La réalité économique des écrivains en France
Au-delà de l'histoire personnelle, le film soulève une question plus large sur la condition des écrivains en France. Le pays est souvent perçu comme une nation littéraire, mais la réalité économique de nombreux auteurs est bien différente.
Le paradoxe de la littérature française
La France jouit d'un grand prestige littéraire à l'international. Pourtant, de nombreux auteurs peinent à vivre de leur plume. Selon les statistiques du secteur, une part infime des écrivains parvient à obtenir des revenus suffisants pour se consacrer exclusivement à l'écriture.

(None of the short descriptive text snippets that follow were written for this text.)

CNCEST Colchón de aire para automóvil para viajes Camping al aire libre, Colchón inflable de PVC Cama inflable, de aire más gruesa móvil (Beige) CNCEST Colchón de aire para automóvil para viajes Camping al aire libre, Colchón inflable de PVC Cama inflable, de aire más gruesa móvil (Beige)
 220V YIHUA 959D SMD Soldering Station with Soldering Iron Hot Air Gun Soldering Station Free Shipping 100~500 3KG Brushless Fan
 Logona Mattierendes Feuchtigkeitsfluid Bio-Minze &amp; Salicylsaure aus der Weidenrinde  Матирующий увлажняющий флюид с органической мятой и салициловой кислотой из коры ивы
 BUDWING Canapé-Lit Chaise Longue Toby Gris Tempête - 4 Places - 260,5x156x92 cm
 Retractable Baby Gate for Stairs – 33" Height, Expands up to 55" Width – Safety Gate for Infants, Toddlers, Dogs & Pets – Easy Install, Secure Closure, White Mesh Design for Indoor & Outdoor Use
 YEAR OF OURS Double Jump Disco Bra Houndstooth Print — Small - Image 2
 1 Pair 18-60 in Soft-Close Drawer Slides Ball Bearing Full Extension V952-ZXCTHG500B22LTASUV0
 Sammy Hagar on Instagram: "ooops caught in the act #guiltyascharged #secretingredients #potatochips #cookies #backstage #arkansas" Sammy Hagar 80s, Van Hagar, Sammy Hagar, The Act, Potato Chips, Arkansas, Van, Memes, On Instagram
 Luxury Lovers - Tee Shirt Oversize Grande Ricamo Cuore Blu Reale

Franck Courtès a pointé du doigt ce qu'il qualifie d'« anomalie économique ». Il a souligné le décalage entre le rayonnement culturel de la France et la situation financière précaire de ses créateurs.
« On rayonne dans la francophonie et les écrivains meurent de faim. Quand il vous faut 2-3 ans pour écrire un livre et qu’on dispose de 5 000 € pour le faire, ça devient problématique », a-t-il conclu.
Cette situation contraint la plupart des auteurs à exercer une autre activité professionnelle pour subvenir à leurs besoins. L'écriture devient alors, pour beaucoup, un deuxième métier, souvent exercé sur le temps libre, au détriment du temps de création.
Le film « À pied d’œuvre » s'annonce donc comme une œuvre importante, qui, à travers un destin individuel, dresse le portrait d'un système et invite à une réflexion collective. Sa sortie dans les salles de cinéma est attendue pour le 4 février 2026.